Many applications make use of multiple pages and need a way to navigate between those pages. The Silverlight for Windows Phone application framework supports a navigation style similar to that used by web browsers, providing a history stack and backward and forward navigation methods. Applications may navigate from one page to another using document URIs and the NavigationService provided by the page framework. Navigation history is automatically maintained, keeping track of where you navigated from. Using the page navigation framework, Silverlight applications can easily integrate into the Windows Phone navigation model.

Most programmers have experience in event-driven programming metaphors. Traditionally, line-of-business applications built using VB, C#, or even Java use an event-driven metaphor. Events are raised and methods (either procedures or functions), which subscribe to those events, call the appropriate code in response. For certain types of applications, such as informational or forms-based applications, this is the preferred model and Silverlight fully embraces it.

In keeping with its Windows Presentation Foundation (WPF) base, Silverlight supports vector-based image formats and has a high-performance, vector-based rendering engine built in. Unlike raster, or bitmap, images, which can lose picture quality (called pixelation) when they are scaled to larger sizes, vector images use geometric paths for drawing so they dynamically scale without pixelation. Figure 3.3 shows the XAML for a vector-based smiley face image inside the Visual Studio design surface.

Figure 3.3

Figure 3.3 Vector-rendered smiley face inside Visual Studio.

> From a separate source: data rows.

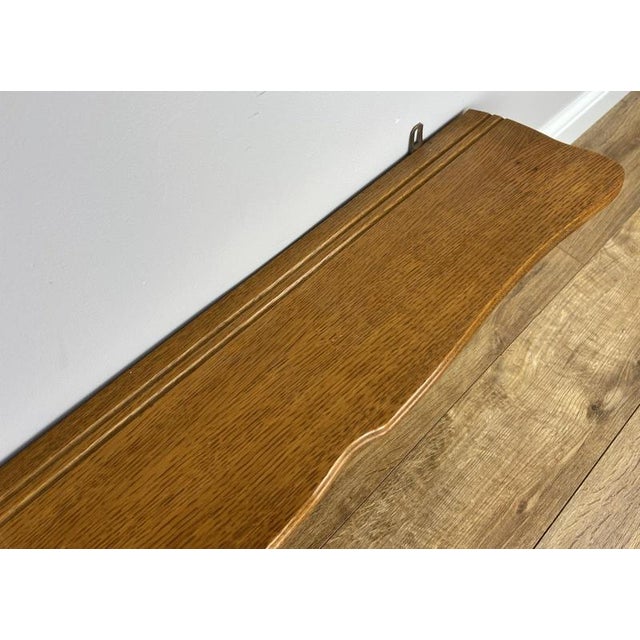 Vintage French Carved Oak 7-Hook Wall Coat Rack For Sale - Image 9 of 10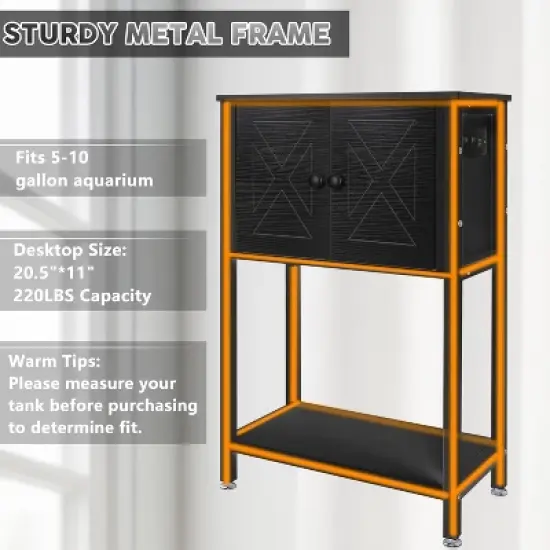 MaseiKar 5-10 Gallon Fish Tank Stand, Heavy Duty Aquarium Stand with Cabinet & Power Outlets for Fish Tank Accessories Storage, Double Tank Stand image {5}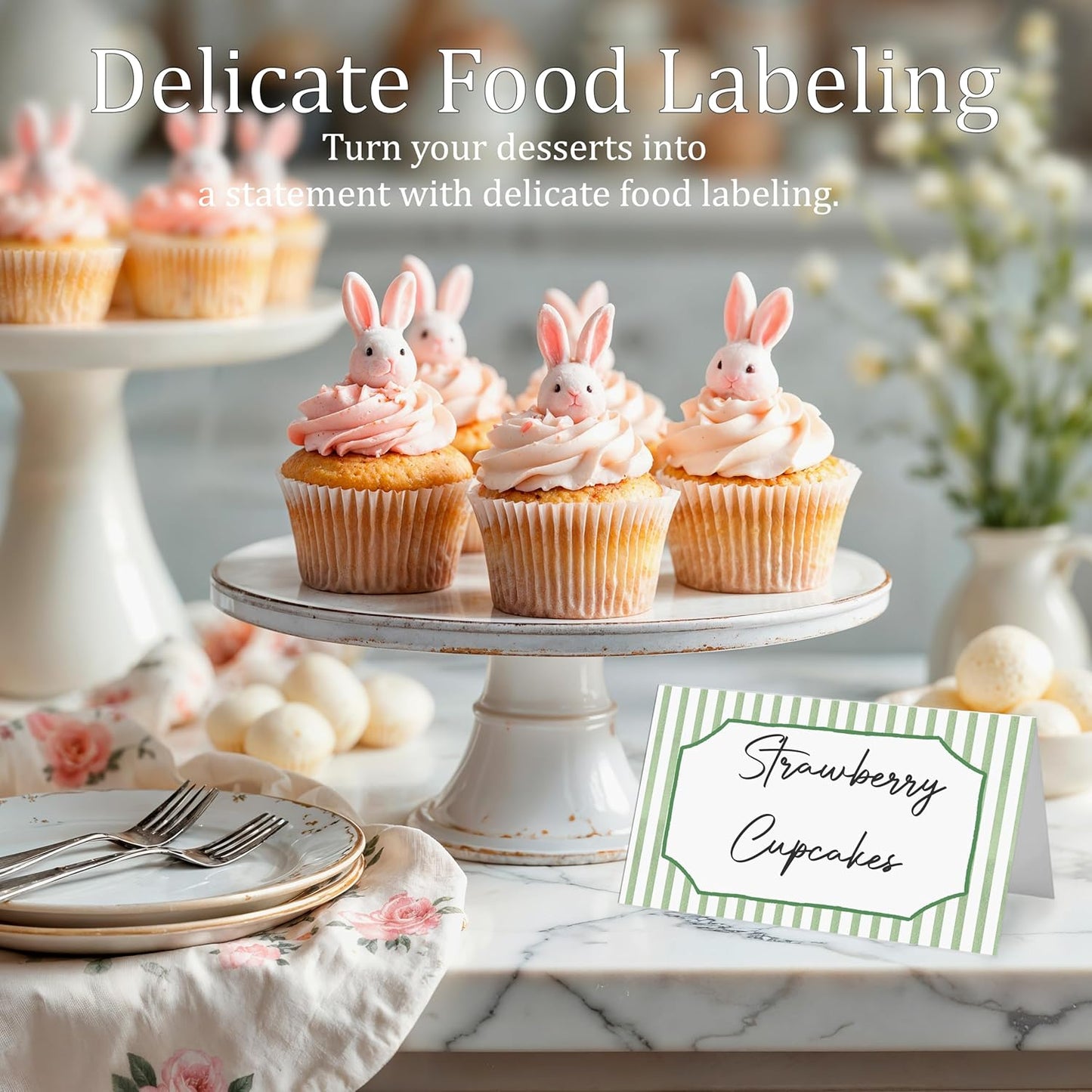 Mermaid Place Cards for Table Setting, 2 x 3.5" Escort Cards, 25 Under The Sea Tent Cards Food Label for Dinner Party, Wedding, Bridal Shower, Baby Shower, Birthday Party Supplies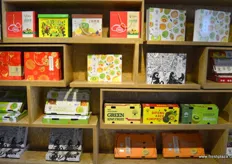 Display of different gift boxes and packaging currently in use.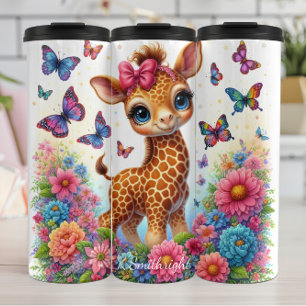 Schattigee Giraffe Flowers Butterflies Whimsical S Thermosbeker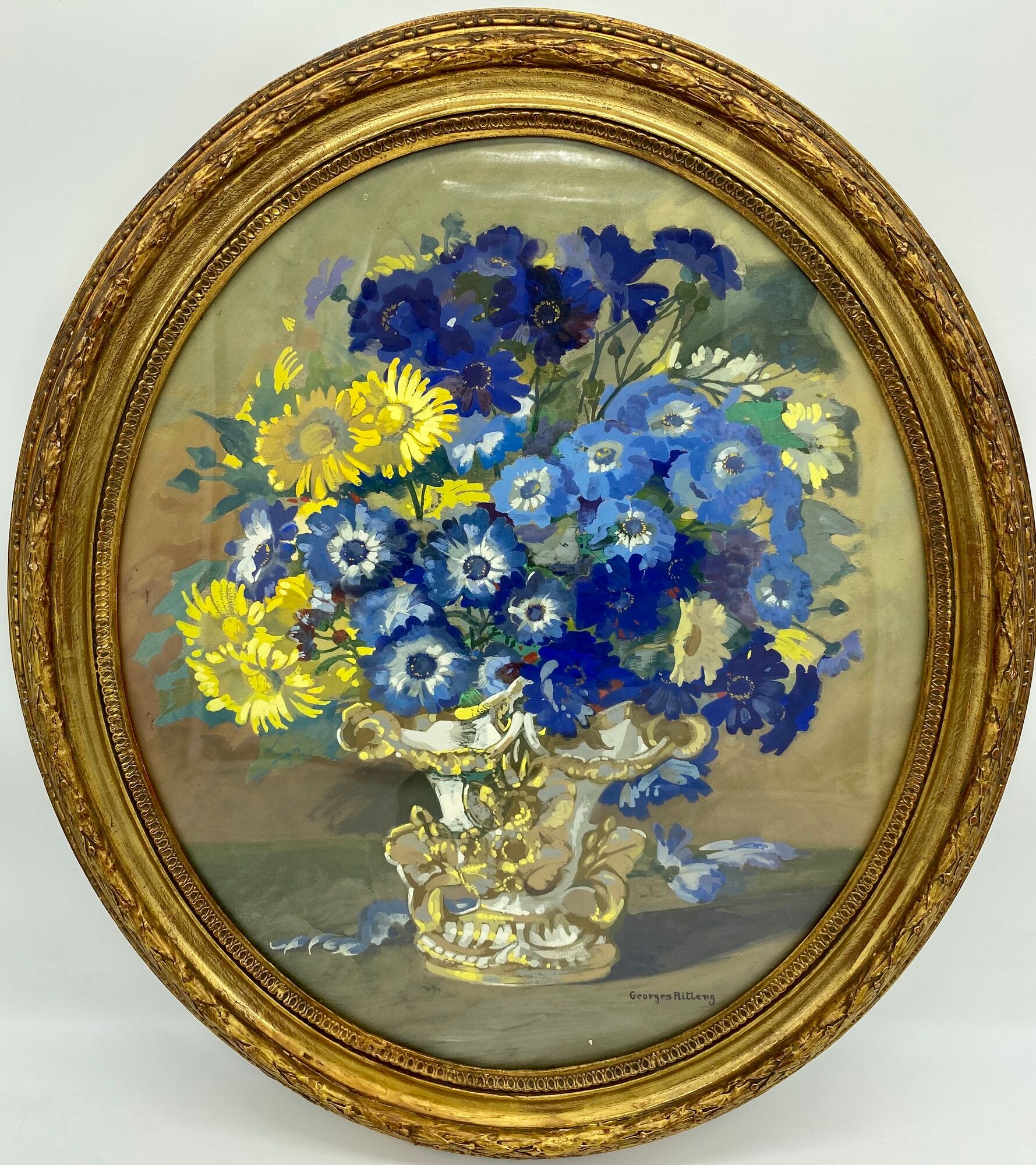 Still life with flowers by Georges Ritleng (1875-1972)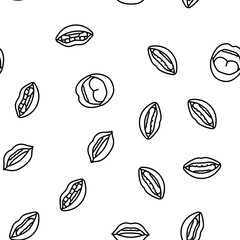 mouth character animation vector seamless pattern thin line illustration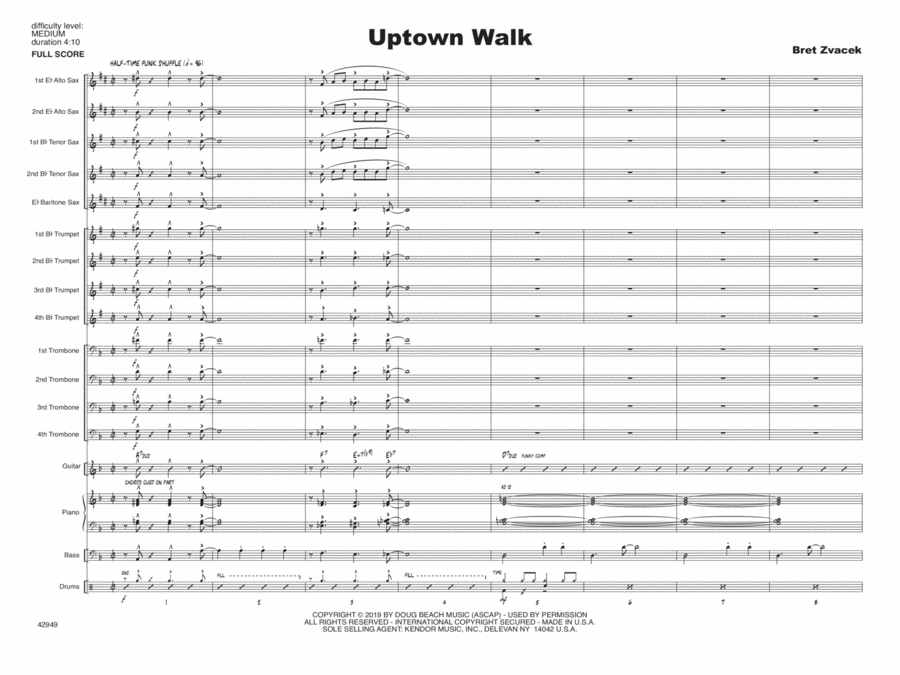 Uptown Walk - Full Score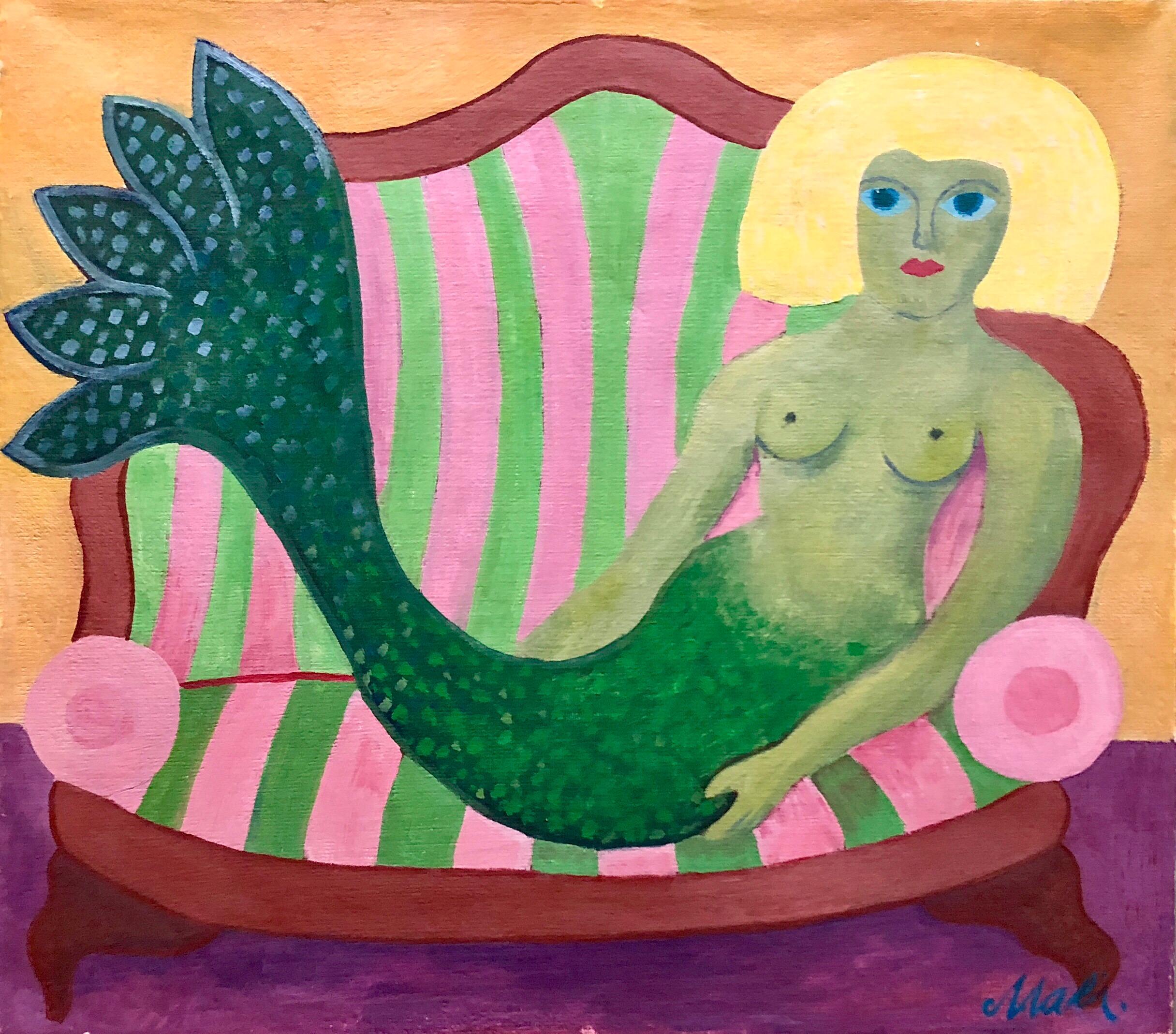 Hajo Malek Figurative Painting - German Outsider Folk Art Oil Painting Nude Mermaid on Sofa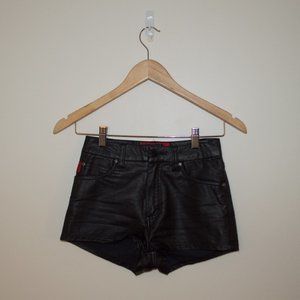 Faux Vegan Leather Black Booty Shorts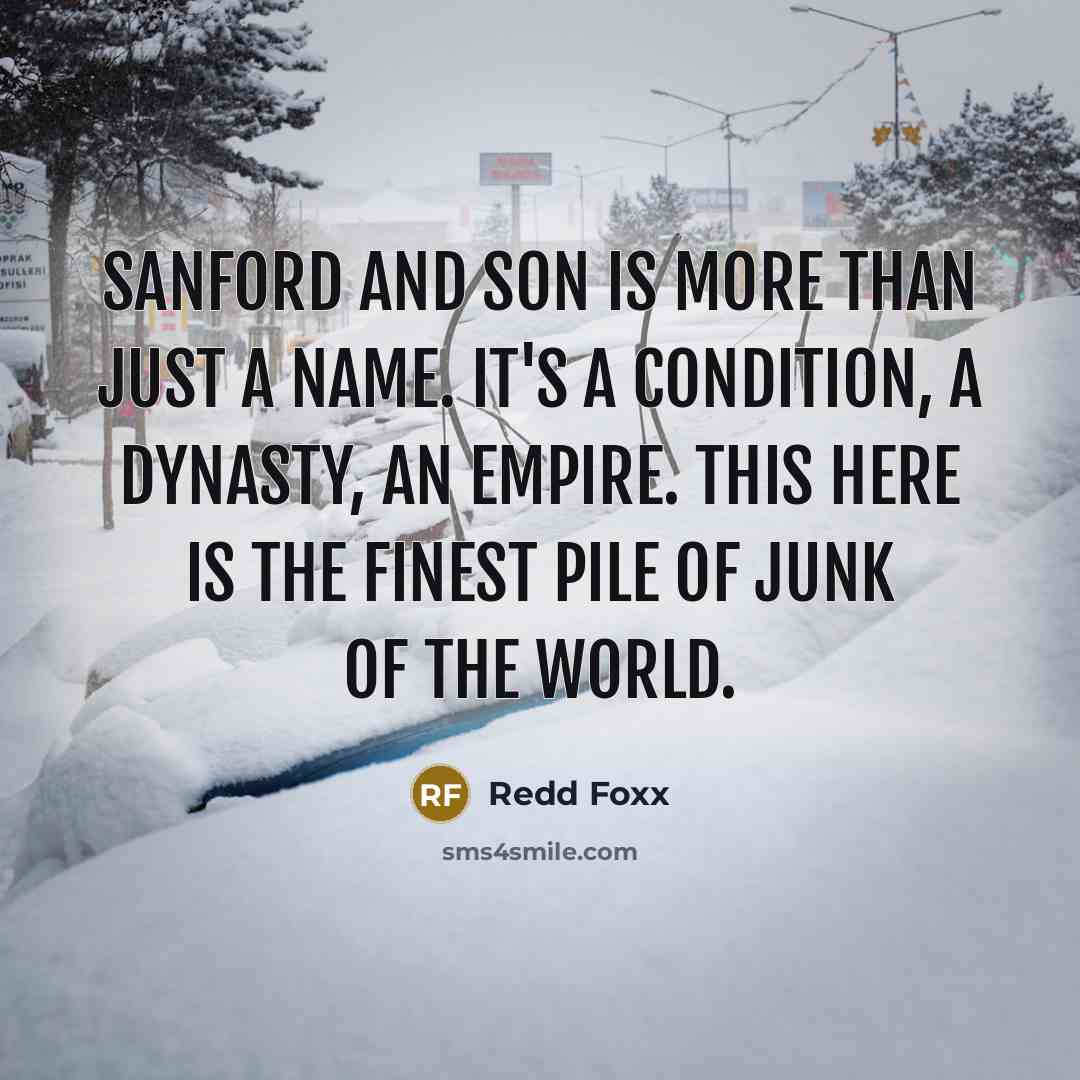 “Sanford and Son is more than just a name. It's a condition, a dynasty, an empire. This here is the finest pile of junk of the world.” quote by Redd Foxx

Silverlight for Windows Phone is a very powerful event-driven programming framework allowing developers to bring their applications to life with a minimum of effort. Although the use of XAML in Silverlight is usually considered a benefit, it can also be a potential drawback, requiring study in the areas of layout, control binding, and other areas to become proficient.

Great Silverlight Examples

Many thousands of applications are available through the Windows Phone Marketplace. The following sections contain a couple of examples of what can be accomplished using Silverlight for Windows Phone.

Facebook

The Facebook application, shown in Figure 3.4, by Microsoft offers a great look at an application styled for Windows Phone. The various levels of information are presented in a flowing manner, and the text fits in well with the Metro style across the phone. Explore how the various screens interact in this application before you begin designing your own.

Figure 3.4

Figure 3.4 The Facebook application interface.

Popper 2

Not all Silverlight applications need to adhere to the Metro style. Bill Reiss, of Blue Rose Games (http://www.bluerosegames.com/brg), has published a fantastic bubble breaker game called Popper 2, shown in Figure 3.5. Games don’t necessarily work very well in the standard Metro styling for Windows Phone, so Popper 2 uses an alternative user interface to render a Silverlight game on Windows Phone. These innovations include custom menus, screen flow, and much more. This is a great application to explore if you’re interested in an alternative Silverlight user-interface style.

Figure 3.5

Figure 3.5 Popper 2 menu and screen.